You know, it's been hours since we've been infuriated by an especially shameless Wintel knockoff of an Apple product, and you'd think that would be a good thing. But as it turns out, we've become so conditioned to acute indignation caused by the blithe theft of Apple's best ideas, when we go without it for too long our blood sugar drops sharply and we get the shakes. Prolonged deprivation would probably lead to coma and, eventually, death-- so thank heavens faithful viewer Nicolas sent us a self-righteous outrage booster all the way from Belgium in the form of a link to a certain little software product called WinExposé. You get three guesses what it does. The first four don't count.
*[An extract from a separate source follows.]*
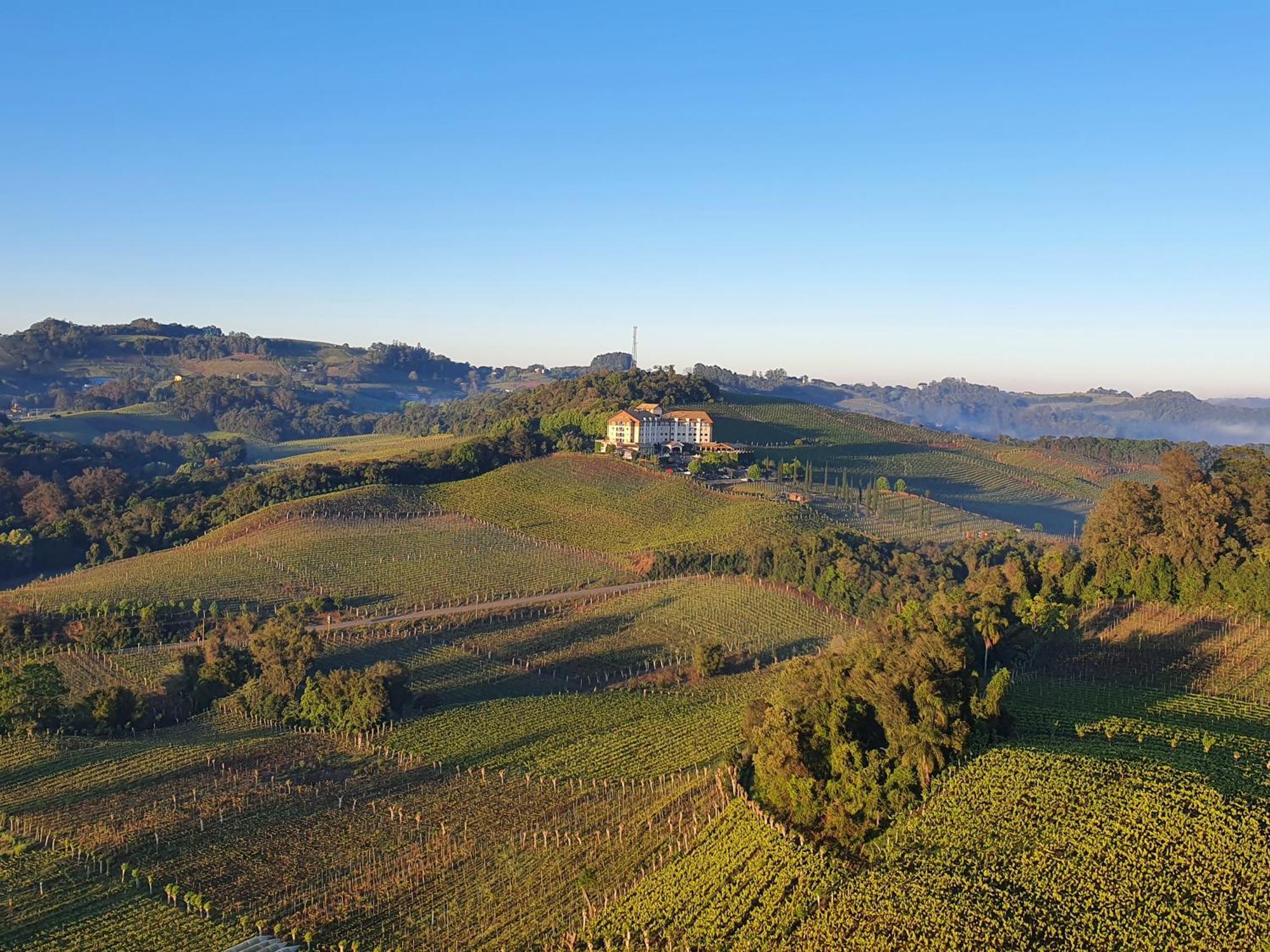 Spa Do Vinho Condominio Vitivinicola Bento Gonçalves Exteriér fotografie A view of the Monferrato hills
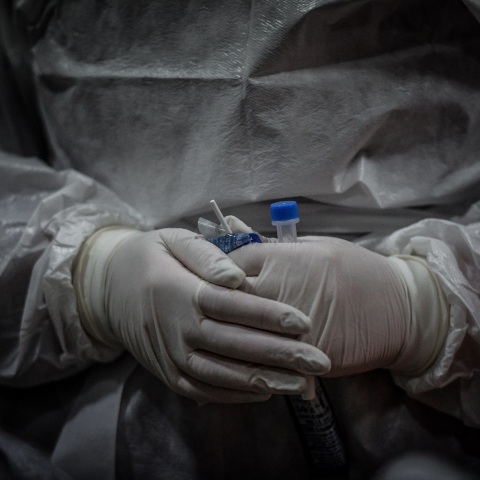 Αναλυτικός οδηγός: Όλα όσα πρέπει να γνωρίζετε για τα self test ανίχνευσης κορωνοϊού. Βήμα-βήμα η διαδικασία μέσα από 12 ερωταπαντήσεις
Yes, kiddies, it was only a matter of time; someone's copied Panther's Exposé feature and made it available to users of Windows 98, Me, 2000, and XP for the low, low price of just $9.95. And when we say "copied," we don't mean that someone sat down and wrote some software that does something kinda sorta similar; we mean it was copied, down to the teensiest detail. One keystroke scales, tiles, and moves all application windows and lets you click on one to bring it forward; another keystroke does the same for only the current application's windows; a third reveals the desktop. It also supports screen corner activation. Run the (admittedly nifty) Flash-based demo to see just how similar it is. So much for Apple's claim that "you won't find it anywhere else."

Interestingly, though perhaps not surprisingly, there seems to be absolutely zero reference on the entire WinExposé web site to Exposé, Apple, or Mac OS X. There is a "Frequently Asked Questions" page, however (which only contains one actual question, but hey, whatever), although we find it hard to believe that the company's most frequently-asked question is "What is it?" and not "Have you no shame?"

Of course, what some Mac users might find most galling of all is that there's no Mac port of the product. We know at least a few Jaguar users who would gladly shell out ten clams for MacWinExposé instead of paying $129 for Panther's 149 other new features. Maybe when 2.0 comes out, hmmmm?

We haven't a clue as to whether or not Apple has grounds for legal action. We don't know if the company patented Exposé's window-switching method, and strangely enough, the Exposé page is noticeably devoid of ™ and ® symbols; Exposé isn't listed as a live Apple trademark in the database of the U.S. Patent & Trademark Office, nor is it listed (registered or otherwise) on Apple's own Trademark List, which includes such obscure titles as "En Passant®" and "Noiroia™." We have a feeling that if Apple's legal team felt it had any case whatsoever, the WinExposé site would already be down, so it looks like we'll be able to tap into this particular source of copycat outrage for a while, yet. And it's a good thing, too-- we haven't felt this healthy since the eOne!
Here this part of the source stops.